After amending the insurance plan type and provider, expenses for 2006-07 are down to $1.8 million.
"We made a correction on that which is very favorable to our bottom line," he said. "We did that with the intent of making our bottom line better so we could get through fiscal year 2009."
Penton said the superintendent keeps a very close eye on staffing, which helps the district stay in the black.
"Where there is an opportunity, we reduce it," he said. "Eighty percent of our budget floats around it."
Being creative with grant money also helps the district, Penton said.
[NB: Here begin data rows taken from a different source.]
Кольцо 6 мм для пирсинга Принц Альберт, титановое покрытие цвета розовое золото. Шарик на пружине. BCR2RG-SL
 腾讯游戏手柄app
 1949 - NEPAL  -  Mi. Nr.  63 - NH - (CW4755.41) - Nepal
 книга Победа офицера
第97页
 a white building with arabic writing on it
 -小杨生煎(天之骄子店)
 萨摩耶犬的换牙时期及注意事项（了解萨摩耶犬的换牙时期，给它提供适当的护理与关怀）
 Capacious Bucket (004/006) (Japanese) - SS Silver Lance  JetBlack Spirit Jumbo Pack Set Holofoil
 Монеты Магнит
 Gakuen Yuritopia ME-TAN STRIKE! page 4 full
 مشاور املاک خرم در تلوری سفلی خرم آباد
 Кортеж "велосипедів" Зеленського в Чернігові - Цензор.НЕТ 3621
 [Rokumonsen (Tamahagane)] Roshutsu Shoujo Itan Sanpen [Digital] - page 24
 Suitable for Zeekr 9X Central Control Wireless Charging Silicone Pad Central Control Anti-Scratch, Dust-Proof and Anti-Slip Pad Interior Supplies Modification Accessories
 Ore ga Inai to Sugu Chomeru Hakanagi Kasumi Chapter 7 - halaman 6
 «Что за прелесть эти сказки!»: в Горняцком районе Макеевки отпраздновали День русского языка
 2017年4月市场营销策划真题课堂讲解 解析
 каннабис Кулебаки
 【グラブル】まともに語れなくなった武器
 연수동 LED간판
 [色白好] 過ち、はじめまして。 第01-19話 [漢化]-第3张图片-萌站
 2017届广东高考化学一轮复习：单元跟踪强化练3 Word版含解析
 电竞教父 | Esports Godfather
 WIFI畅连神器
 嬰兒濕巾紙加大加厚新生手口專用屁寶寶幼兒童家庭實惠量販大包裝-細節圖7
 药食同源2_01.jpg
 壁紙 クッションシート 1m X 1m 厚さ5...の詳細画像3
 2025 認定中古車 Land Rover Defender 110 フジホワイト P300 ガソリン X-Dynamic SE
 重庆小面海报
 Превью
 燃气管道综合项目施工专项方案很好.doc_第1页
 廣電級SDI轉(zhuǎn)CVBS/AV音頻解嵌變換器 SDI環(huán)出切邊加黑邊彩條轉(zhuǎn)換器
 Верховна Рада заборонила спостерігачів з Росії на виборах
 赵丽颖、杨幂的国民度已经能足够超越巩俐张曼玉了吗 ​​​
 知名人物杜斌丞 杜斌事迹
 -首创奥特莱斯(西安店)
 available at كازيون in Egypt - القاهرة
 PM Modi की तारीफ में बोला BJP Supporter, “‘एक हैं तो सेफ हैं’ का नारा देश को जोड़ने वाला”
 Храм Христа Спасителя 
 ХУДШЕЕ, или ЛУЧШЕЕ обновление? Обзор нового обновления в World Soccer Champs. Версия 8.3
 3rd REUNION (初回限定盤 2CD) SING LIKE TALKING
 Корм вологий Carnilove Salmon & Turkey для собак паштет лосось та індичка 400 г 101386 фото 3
Whenever the district receives additional grants for programs it already has, Penton said that previously earmarked money is redistributed to other areas "to make sure we maximize our programming based on the assistance we receive."
Penton said he gets frustrated sometimes when the budget doesn't turn out exactly as he predicts, but he wants district residents to know they are keeping a watchful eye on the district finances at all times.
"It's people's very hard-earned money in our community and we have to be responsible and effective," he said. "We struggle really hard to make all the dollars we have keep going."
The board unanimously adopted the five-year forecast
The district has heard that it is in line for a large amount of money from the Ohio Schools Facilities Commission to replace or renovate all of its buildings, with matching local funds from a voted bond issue.
Tardiness policy amended
In other news, the board unanimously agreed to revise the attendance policy for the athletic handbook for parents and athletes.
"We think we have a little tweaking we need to do on the tardiness part of our policy," said Superitendent Judyth Dobbert-Meloy. "It's a process. I think we will be tweaking it for a while until we see what is going to work."
According to the revised policy, excuses for tardiness must be provided to the attendance office on the day that its occurs. No unexcused missed school time will be changed to "excused" after the end of the school day during which the missed time occurred.
Also during the meeting, the board agreed to hear a report regarding discipline for the recently revised dress codes and wearing of identification cards.
This was prompted by board member Blythe Wood, who said, "One of the things I have been approached about is the dress code. I want to know what it's taking to enforce it and whether we should look at implementing standardized dress."
Dobbert-Meloy acknowleged the enforcement is "taking a lot of time and effort."
She commented she has personally seen a huge improvement in dress and attitude.
"The board is just going to have to decide what you want and then we'll work out the details later," she said, noting she would have a report on discipline for dress code and idenitification tags at the next meeting, which is scheduled for 6 p.m. Thursday, Nov. 8 at Etna Road Elementary.
In addition, the board unanimously agreed to accept donations of $2,000 from the Beechwood Elementary PTA and $2,500 from the Etna Road Elementary PTA to fund visiting author Patricia Polacco and $1,500 from the Whitehall Target store for the C. Ray Williams Preschool family night.